If $x$ and $y$ are not both $0$ then $ x^2 +xy +y^2> 0$

Question

Can't quite finish this proof:

Prove that if $x$ and $y$ are not both $0$ then $ x^2 +xy +y^2> 0$

$ x^2 +xy +y^2 +xy -xy> 0$

$ (x +y)^2 -xy> 0$ Without loss of generality define $x\geq y$

Firstly the case where $y<0$ and $x>0$ is trivial as both $ (x +y)^2$ and $-(xy) >0$.

I want to say by transitivity as each are >0 that there sum must be ${}> 0$ can I do that?

The second trivial case is $y=0$ as we simply have $ x^2 >0 $ where $x>0$.

Lastly we have define $c= x+y$ since both $x$ and $y$ must have the same sign we know $|c|>x$ since $x\geq y$ we know that $ x^2 \geq xy$ finally since $ |c|^2 = c^2$ $ \forall c \in \mathbb{R} $

We have $ c^2 >x^2 \geq xy$ hence $c^2 -xy >0$

I feel like I have all the pieces but it doesn't feel finished how do I fix it?

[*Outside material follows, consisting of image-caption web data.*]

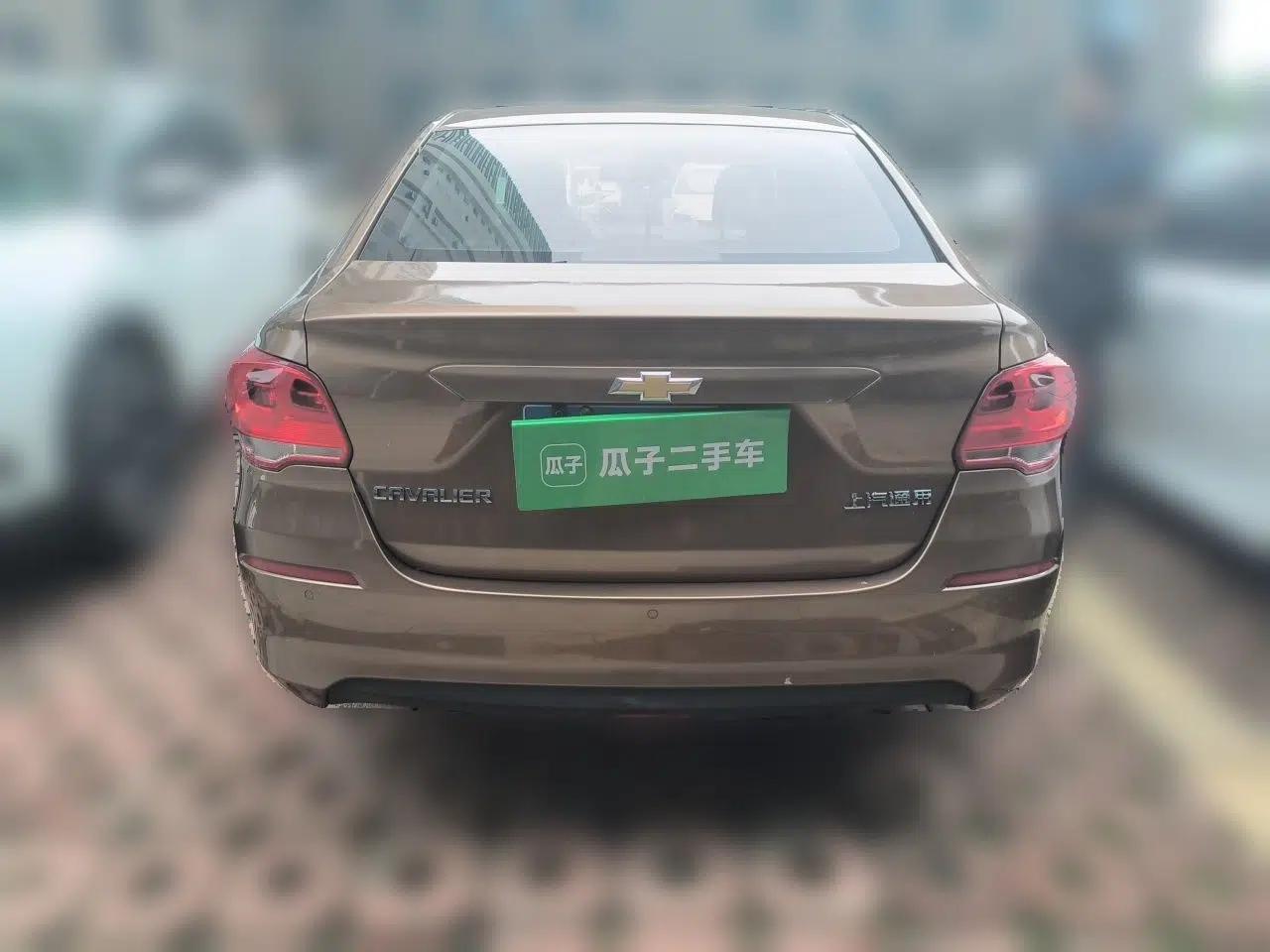 Chevrolet Cavalier 2016 1.5L Automatic Xinyue Edition — миниатюра 5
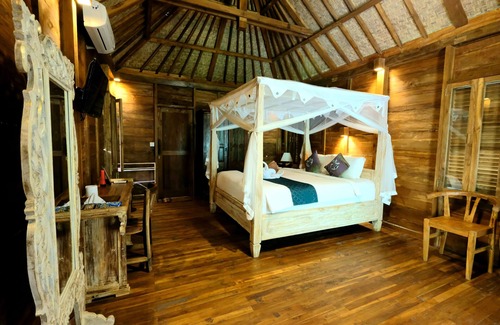 Payangan Cama Y Desayuno | Song Broek Jungle Resort
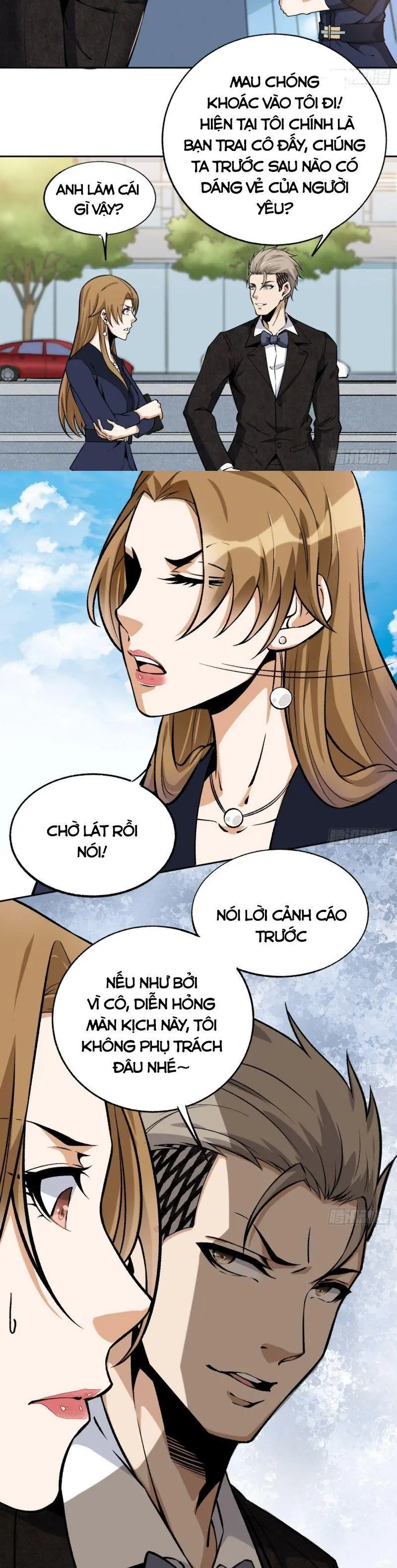 Cuồng Thiếu Thiên Tài Siêu Câp Chapter 22 - Trang 5
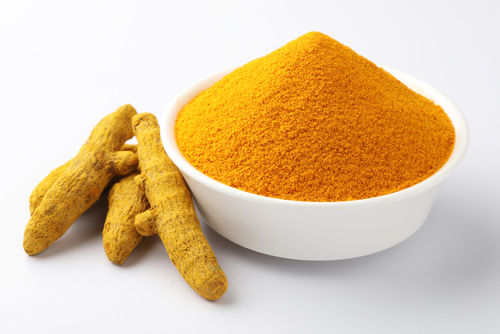 Yellow Impurity Free Turmeric Finger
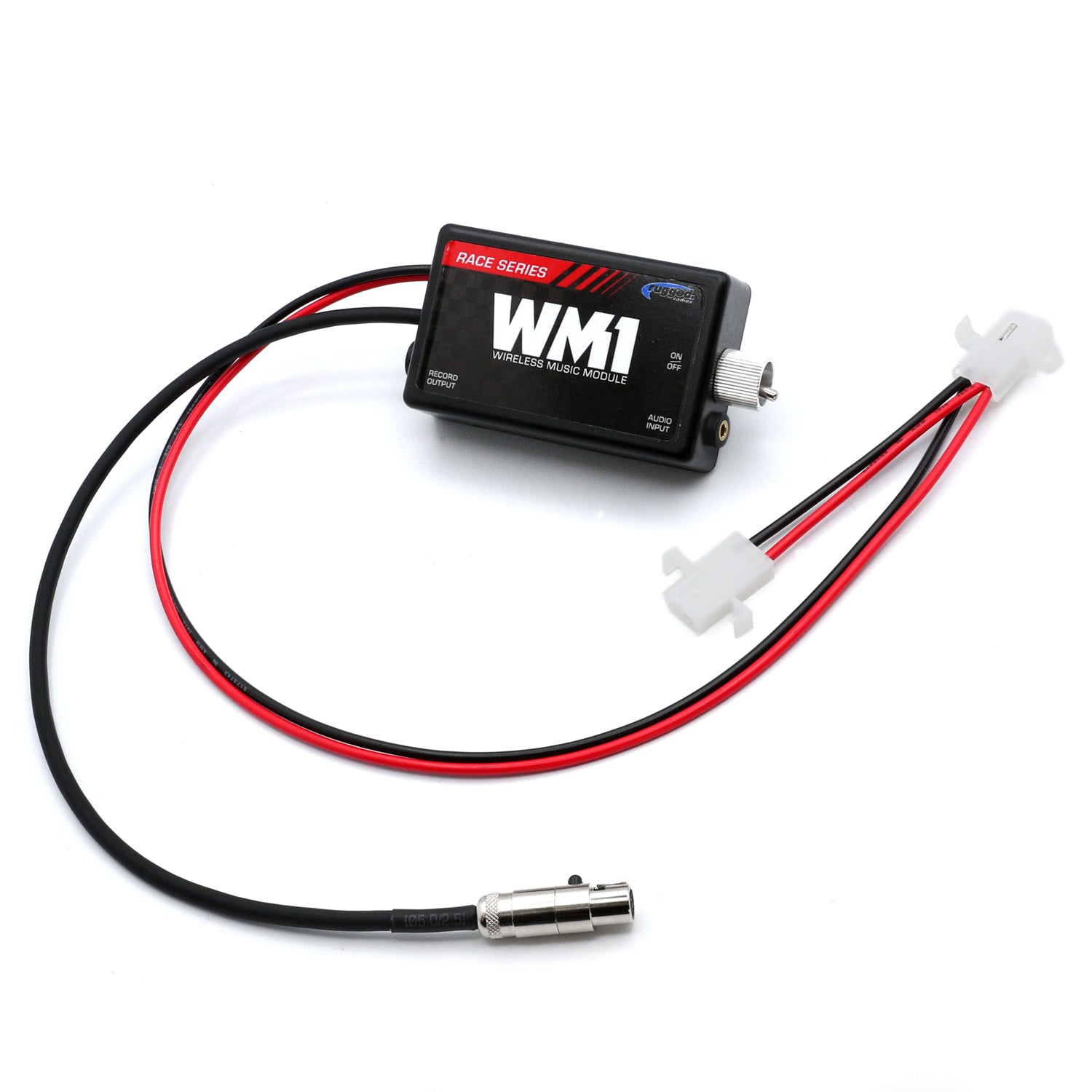 Bluetooth WM1 Wireless Music Interface for Intercoms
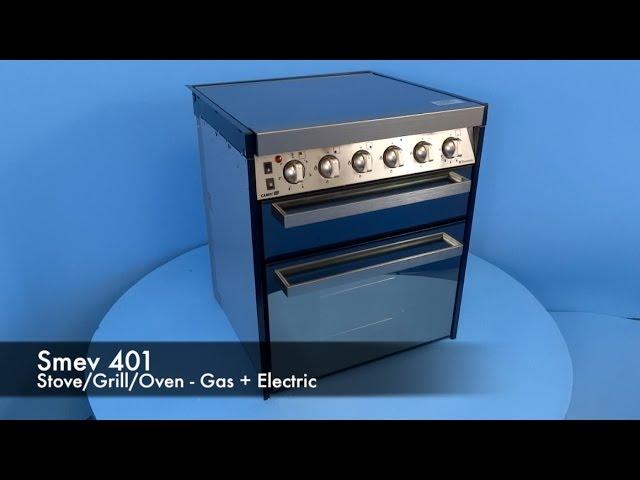 Smev 401 - Stove/Oven/Grill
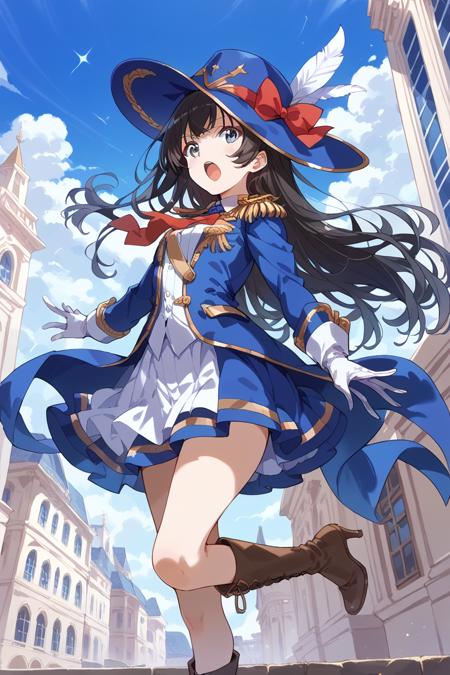 Hikari Kagura [Shoujo☆Kageki Revue Starlight]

Edit: I am really glad i asked this question love the variety of different good answers no idea what a discriminant is but im going to go look that up. I wanted to give the accepted answer to Edward as he actually answered my question but Anurag s proof was just so much better then my attempt. ^^

Answer 1

Consider $T=x^2+xy+y^2$. then $2T=x^2+y^2+(x+y)^2 \geq 0$. The only way $T=0$ is when $x=0,y=0$, but that has already been ruled out by the conditions given.

Answer 2

Here's another way:

If $x=y$, then obvious. Otherwise: $$x^2+xy+y^2=\frac{x^3-y^3}{x-y}>0$$ as $f(x)=x^3$ is monotonically increasing.

Answer 3

You can simply note that $$ x^2+xy+y^2=(x+y/2)^2+3y^2/4\geq 0. $$ Equality is iff $x=y=0$. So if $x,y$ are not both $0$, then $x^2+xy+y^2>0$.

Answer 4

Let $y$ a fixed non zero real. The discriminant of the quadratic expression $x^2+xy+y^2$ is $\Delta=y^2-4y^2=-3y^2< 0$ hence the expression doesn't change the sign and we have $$x^2+xy+y^2>0$$

Answer 5

Your proof is correct. The first two cases are obvious. The third case follows directly from the AM-GM inequality:

$$\frac{x+y}{2}\ge \sqrt{xy}$$ $$\Rightarrow x+y>\sqrt{xy}$$

Answer 6

We only need to consider 2 cases:-

(1) Both x and y are negative

Then, $x^2 + xy + y^2 = (x – y)^2 + 3xy = (+ve) + (+ve) > 0$

(2) Only one is negative

Then, $x^2 + xy + y^2 = (x + y)^2 - xy = (+ve) – (-ve) > 0$

Answer 7

Switching to polar coordinates ($x=r\cos \theta,y=r \sin \theta)$, we need to prove $$1+\frac{1}{2} \sin 2 \theta>0, $$ which is obvious.